Par DIOP, Macoumba (Nioro du Rip, septembre 2008)
Dans les années 1980, une partie de la population de la communauté rurale de Keur Moussa (région de Thiès) décide d’octroyer un champ d’une centaine d’hectare à un marabout. Avec l’extension progressive de cette exploitation agricole les détenteurs des champs situés à proximité et appartenant à une autre confrérie décident eux aussi de léguer leurs lopins de terre à leur marabout. L’explication donnée en son temps était que ces terres seraient exploitées et à eux la bénédiction du marabout et qu’il y aurait des retombées dans la confrérie.
C’est ainsi que des hectares de terres furent défrichées, laissant place à un semi - désert. Pourtant, ces terres autrefois très fertiles servaient à la culture céréalière (sorgho, maïs) et maraîchère en pluviale. Ces terres étaient traversées par un marigot qui prenait sa source vers le plateau de Thiès et se déversait dans le lac Tamna en hivernage.

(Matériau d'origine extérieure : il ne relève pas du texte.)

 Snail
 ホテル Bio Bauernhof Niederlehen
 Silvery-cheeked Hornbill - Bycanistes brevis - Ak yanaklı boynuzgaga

Pendant la saison sèche, l’eau stagnait par endroits dans ce marigot tels des bassins de rétention et permettait d’avoir du poisson (carpes et silures), les activités maraîchères aux alentours, et des abreuvoirs pour le bétail.

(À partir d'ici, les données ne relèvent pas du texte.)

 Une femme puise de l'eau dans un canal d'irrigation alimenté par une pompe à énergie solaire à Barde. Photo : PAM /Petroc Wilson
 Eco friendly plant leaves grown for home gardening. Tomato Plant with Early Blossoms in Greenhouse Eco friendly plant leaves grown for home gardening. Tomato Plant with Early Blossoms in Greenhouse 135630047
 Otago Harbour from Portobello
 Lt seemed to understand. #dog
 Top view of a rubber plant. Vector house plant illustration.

Pourtant, malgré les avertissements de quelques personnes (surtout des jeunes) les populations s’obstinaient à laisser ces terres au marabout.
C‘est ainsi que ces terres défrichées et dénudées furent exposées à toute forme d’érosion ; ce qui a abouti à l’ensevelissement du marigot et à la disparition de toutes activités annexes.

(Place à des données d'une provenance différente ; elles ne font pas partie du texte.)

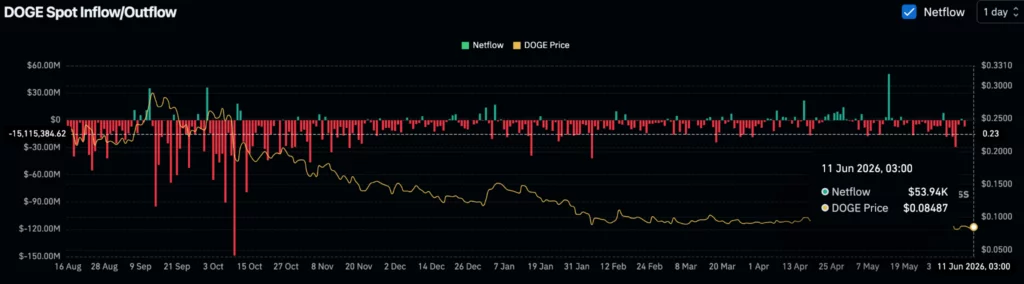 Dogecoin (DOGE) spot netflows, source: Coinglass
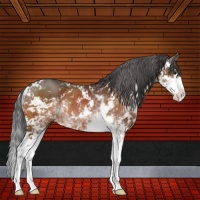 Horse Color:Brown Sabino Rabicano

Pour exploiter les lopins de terres à proximité du champ affecté au marabout, il a fallu creuser des puits qui peuvent aller jusqu’à 15 m de profondeur. Malheureusement, ces puits sont ensevelis chaque année du fait des inondations et des sables transportés par les eaux de ruissellement. Les parcelles qui, jadis étaient exploitées parce que exondées, sont partiellement ou totalement inondées maintenant en hivernage. Cette situation a poussé les populations à retourner emprunter des parcelles au même marabout sur leurs terres qu’ils lui ont eux-mêmes affectées. Le lit du marigot enseveli, a fait que la nappe est devenue plus profonde et les populations ont souffert énormément pour gagner leur pain. Pire, le marabout pour qu’il concède à prêter aux propriétaires authentiques quelques parcelles sont assujettis aux conditions suivantes : pas de plantation d’arbres, un puits cimenté avec obligation de renouveler sa demande de chaque année. La stratégie du marabout consiste à conserver pour de bon ces terres.
S’il est vrai que la terre constitue une richesse, elle n’en demeure pas moins aussi une source de conflits. Ces terres affectées à ce marabout sont exploitées sans tenir compte du souci de préserver l’environnement et des conséquences néfastes du déboisement sur le vécu des populations.
La dégradation de l’écosystème s’est même répercutée sur les activités agro -sylvo pastorales de toute la zone.
Les générations actuelles et futures sont obligées de s’exiler vers d’autres localités pour accéder à des terres cultivables.
Cette dégradation des terres exploitées par le marabout a pour conséquence la disparition de la faune ainsi que de la flore qui faisaient le bonheur de vivre dans cette zone.